There's a couple cryptographic building blocks that SMCQL is founded on, namely garbled circuits, oblivious RAM, and ObliVM. Garbled circuits are a cryptographic protocol that protects a query's program traces from snooping. Oblivious RAM, as discussed in a previous write-up, shuffles data on all read and write operations to add noise to memory traces of secure computations. The authors apply these techniques to solve the leakage problem that arises with broker to participant communication. ObliVM is the bridge that converts imperative code into garbled circuits and ORAM. The authors convert database operators into SMC commands via ObliVM.

Another innovation introduced by the paper is attribute-level security. The authors recognize that access privileges need to be more granular than at the table level. Different columns within the table may have different degrees of desired visibility, warranting a new access control policy. Three tiers of visibility (public, protected, private) influence the query planning step with taint analysis, by tracing the flow of sensitive attributes through the operator tree. Lastly, the paper also discusses some new query optimization techniques (sliced evaluation, semi-joins) that complement the new query planning and execution mechanisms.

I think this paper was overall, an interesting read that is a book opener for future work in this domain. It was also a wonderfully practical demonstration of MPC's capabilities. With that said, I think there's also plenty of room for improvement.

The most evident improvement area is performance. MPC is an expensive algorithm, and it really shows in this paper. Relative to a purely MPC system, SMCQL performs well. However, compared to non-secure systems that operate in plaintext, SMCQL runs a couple orders slower than the baseline. Later papers, particularly Conclave, build on SMCQL's work while improving performance either via redefining some of the security guarantees or using different techniques to minimize what is run with MPC and not plaintext.

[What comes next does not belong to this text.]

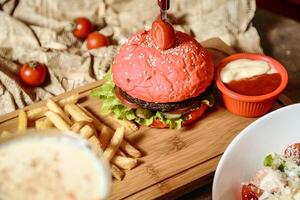 hamburguesa con queso con en forma de corazon bollo y lado de papas fritas foto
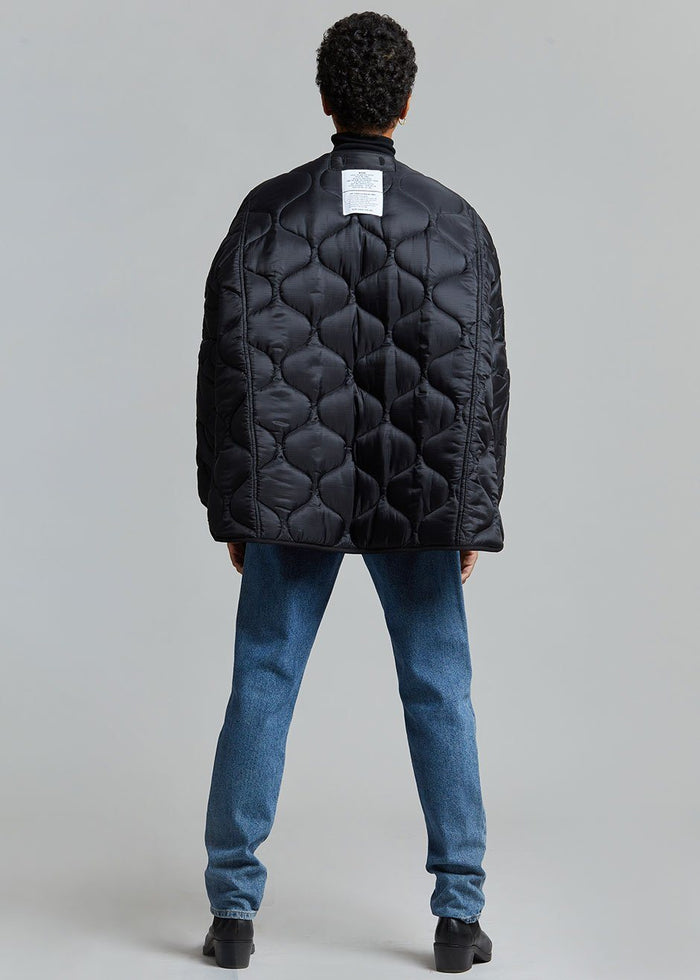 https://cdn.shopify.com/s/files/1/1527/0993/products/teddy-quilted-jacket-black-jacket-the-frankie-shop-813505_700x.jpg?v=1629631415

A second point (full disclosure - more borne out of my opinion), is that for tracing sensitive data via taint analysis (public, protected, private), a better alternative could be second path analysis. The paper was published long ago (Hinke 1988), but it discusses this idea of utilizing sensitivity inference rules in relational tables. The paper mentions:

If an attribute of a table is private, the entire table is private and all tables reachable via primary-foreign key relationships.

Attribute level security is a bit weak because in practice, information is not completely independent of one another. A practical example - let's say in a table of patient records, there's two columns - Diagnosis (private) and Treatment Plan (protected). Acting as one of the data providers, if we know the treatments for certain diagnoses from our own data, we may be able to infer diagnoses for another data provider's dataset, thus affecting the confidentiality of the Diagnosis column. Hinke's paper describes a way to secure columns based on sensitivity inference rules, which may have been a better strategy for tagging columns with the appropriate access control permissions.